As Vice President Pence visits the Western Wall, male journalists are given the front-row spots. Female journalists are standing in the very back, standing on chairs to try to see over all of the guys. pic.twitter.com/K3tnABSUnv
— Jenna Johnson (@wpjenna) 23 Ocak 2018
'MODERN DÜNYADA KABUL EDİLEMEZ'
İsyan eden gazetecilerden biri olan Globes muhabiri Tal Schneider, Haaretz'e şöyle konuştu: ''Sırf kadınım diye işimi yapmamı engellemeliler. Buna ben tahammül edemem ve zaten modern dünyada böyle bir şey kabul edilemez. Kadınlara yönelik bu ayrımcı tavır modern bir ülkeye yakışmıyor, tepki yaratıyor.''
Separation at the Western Wall. The women stuck in isolation and can not photograph, work. Women journalists are second-class citizens. The American women photographers are frantically yelling at the representatives of the White House. #PenceFence pic.twitter.com/LFh1AkSROE
— Tal Schneider (@talschneider) 23 Ocak 2018
PENCE BARİYERİ ETİKETİ
Kadın gazeteciler tepkilerini sosyal medyada #PenceFence (#PenceBariyeri) etiketiyle paylaştı.

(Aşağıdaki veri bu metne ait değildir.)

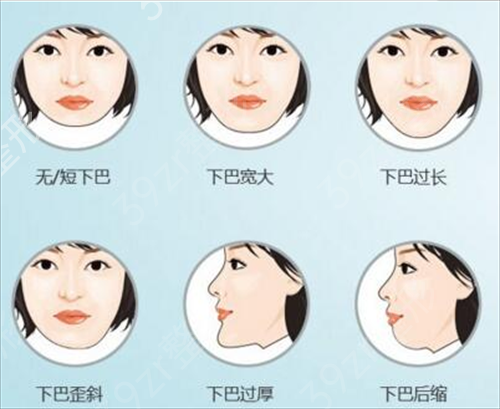 上海做下颌角医院排行榜全新对比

The entire male press pool has their back to us, careless & free and don’t give a damn on the separation #PenceFence pic.twitter.com/yRLUsQUO7X
— Tal Schneider (@talschneider) 23 Ocak 2018
RİVLİN: PENCE BİR 'MENSCH'
Öncesinde Pence'in bir diğer önemli durağı, Yad Vashem Holocaust (Yahudi Soykırımı) Anıtı oldu. Netanyahu'ya kıyasla 'barış yanlısı' sayılan İsrail Cumhurbaşkanı Reuven Rivlin, Pence'i ağırlarken övgü babında 'insan' anlamına gelen 'mensch' nitelemesini yaptı. Rivlin ''Trump'ın Kudüs'ü İsrail'in başkenti olarak tanıması, İsrail'in bağımsızlığının 70. yıldönümü için bir hediyedir'' dedi.